More Dams Spell Further Decline of Asia's Longest River
The Yangtze River basin in China is home to about 322 species of fish and 169 species of amphibians, creating a series of diverse ecosystems that rely primarily on the flow of Asia's longest river. It is also home to 400 million Chinese, who depend on its fertile deltas for food and on the Yangtze's 700 tributaries for navigation and energy.

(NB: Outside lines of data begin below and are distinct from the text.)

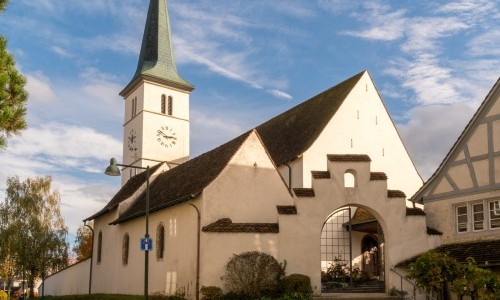 Kirche St. Stephan Therwil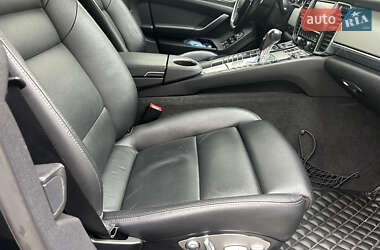 Фастбэк Porsche Panamera 2011 в 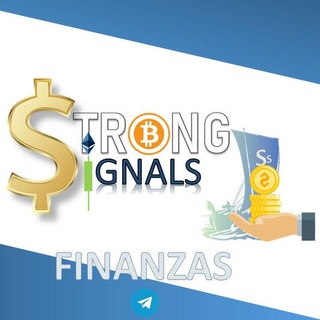 Логотип @strongfinanzasonline - Strong Finanzas online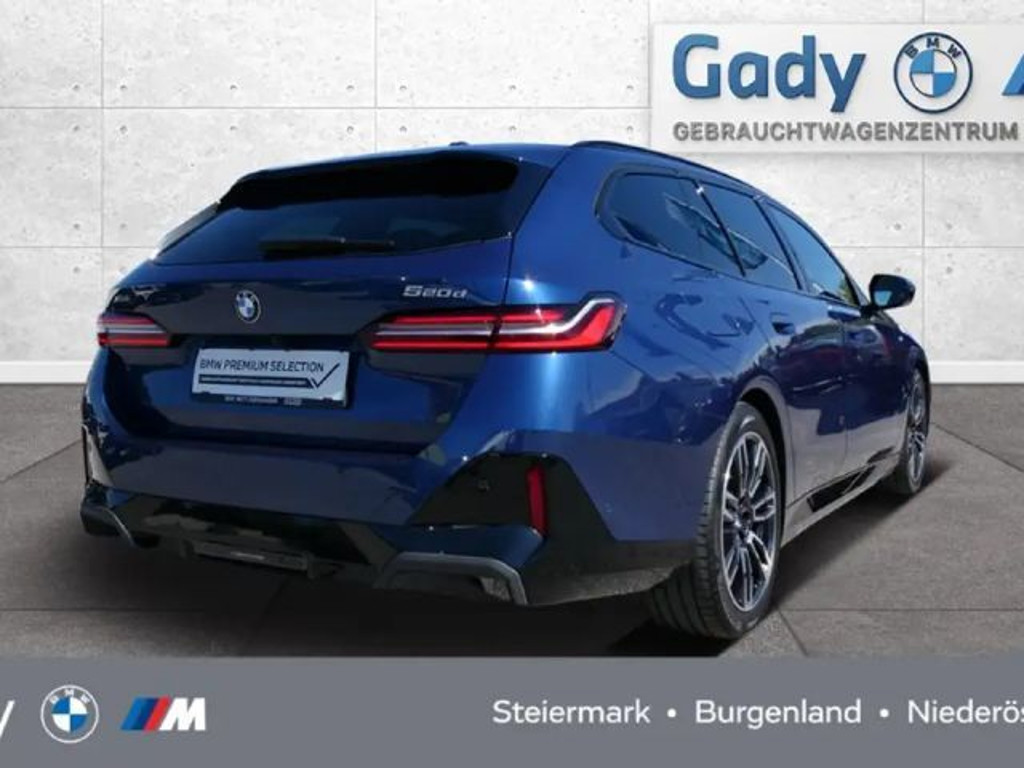 BMW 5 Serie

Currently, over 46 large dams (over 60 meters high) are planned or are under construction on the Yangtze. "The dams will cause considerable environmental damage and trigger a decline in the rich biodiversity of the basin," says Rivers at Risk: Dams and The Future of Freshwater Ecosystems, a new report prepared by World Wildlife Fund (WWF) and the World Resources Institute (WRI).
The report grapples with a fundamental contradiction concerning the issue of dams and water use and ecosystem stewardship, especially in the developing world. According to the U.N., more than 2 billion people globally lack access to electricity, 1.1 billion do not have safe drinking water, and 2.4 billion still require adequate sanitation services. Dams provide much needed fresh water for domestic use, crop irrigation, as well as for the mitigation of floods, and hydropower for millions.

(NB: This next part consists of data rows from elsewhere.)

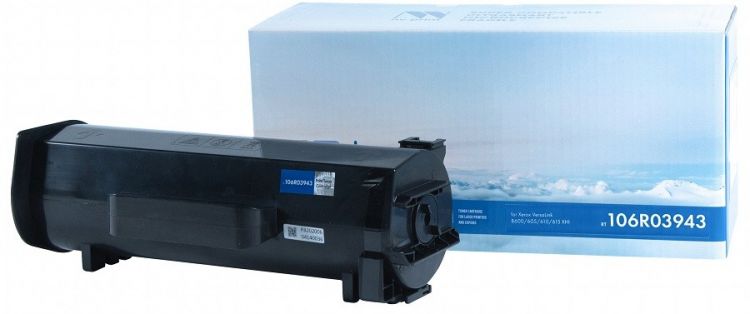 Картридж NVP NV-106R03943 для Xerox VersaLink B600/605/610/615 HI (25900k)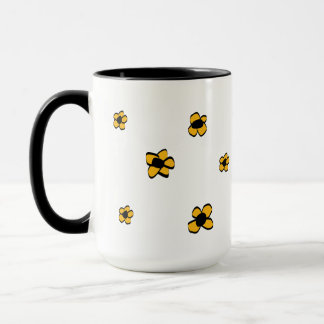 Caneca Flower Power Mug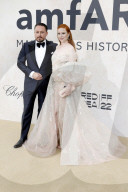 FILMFESTIVAL CANNES 2022 - Promis bei der amfAR Gala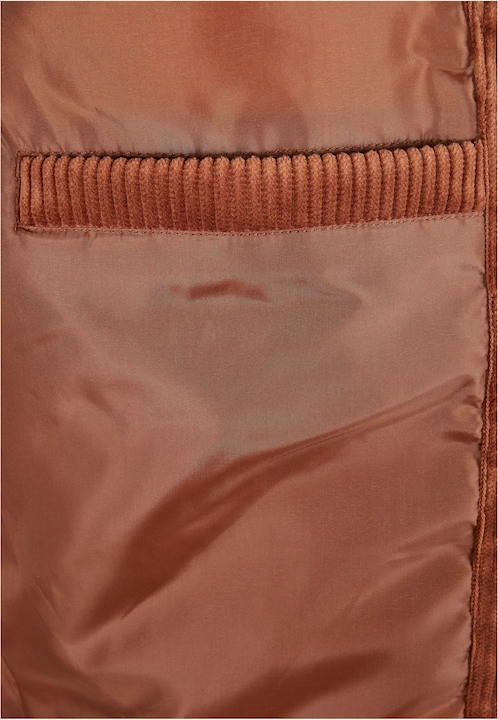 Produktbild Urban Classics Boxy Corduroy Puffer Jacket (M)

While dams are seen by developing world governments as an easy solution to the shortages of electricity and fresh water, Rivers at Risk claims that dams devastate fisheries, destroy wetlands, and ultimately compromise fragile habitats that are not only home to innumerable species of freshwater fish, mammals, and water birds, but also provide essential goods and services to humans, particularly the poor.

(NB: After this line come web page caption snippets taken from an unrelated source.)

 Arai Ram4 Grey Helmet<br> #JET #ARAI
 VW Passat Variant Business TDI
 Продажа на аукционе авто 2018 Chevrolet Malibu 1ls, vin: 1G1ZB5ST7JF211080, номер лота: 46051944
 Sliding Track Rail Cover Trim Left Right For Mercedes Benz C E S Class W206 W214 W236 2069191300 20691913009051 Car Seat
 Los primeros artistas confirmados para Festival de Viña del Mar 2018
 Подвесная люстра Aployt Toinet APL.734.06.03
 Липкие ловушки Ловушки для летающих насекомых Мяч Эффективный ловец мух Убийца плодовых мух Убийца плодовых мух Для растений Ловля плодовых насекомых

A fragmentation analysis done by WRI in 2000 revealed that 60% of the world's 227 largest rivers are moderately to severely altered by dams, water diversions, and canals. According to Rivers at Risk, more than 45,000 large dams are operational in over 150 countries and approximately another 1,500 are under construction.
This new report represents the most comprehensive analysis of planned dams mapped by basin on a global scale. "We combined WRI's analytical capacity to develop global and regional-level indicators with WWF's on-the-ground knowledge in key areas to provide information and feedback for the report," said Carmen Revenga, leader of WRI's work on water and marine fisheries.
Delicate habitats like those in the Yangtze basin, Rivers at Risk contends, are irreparably damaged by large dam construction. Species such as the Chinese alligator (the most threatened crocodile species in the world), the Yangtze River dolphin or baiji (the most threatened cetacean in the world), and the finless porpoise (the only freshwater-adapted porpoise in the world), will continue to see serious population declines and possibly become extinct as the Yangtze River continues to be dammed and modified.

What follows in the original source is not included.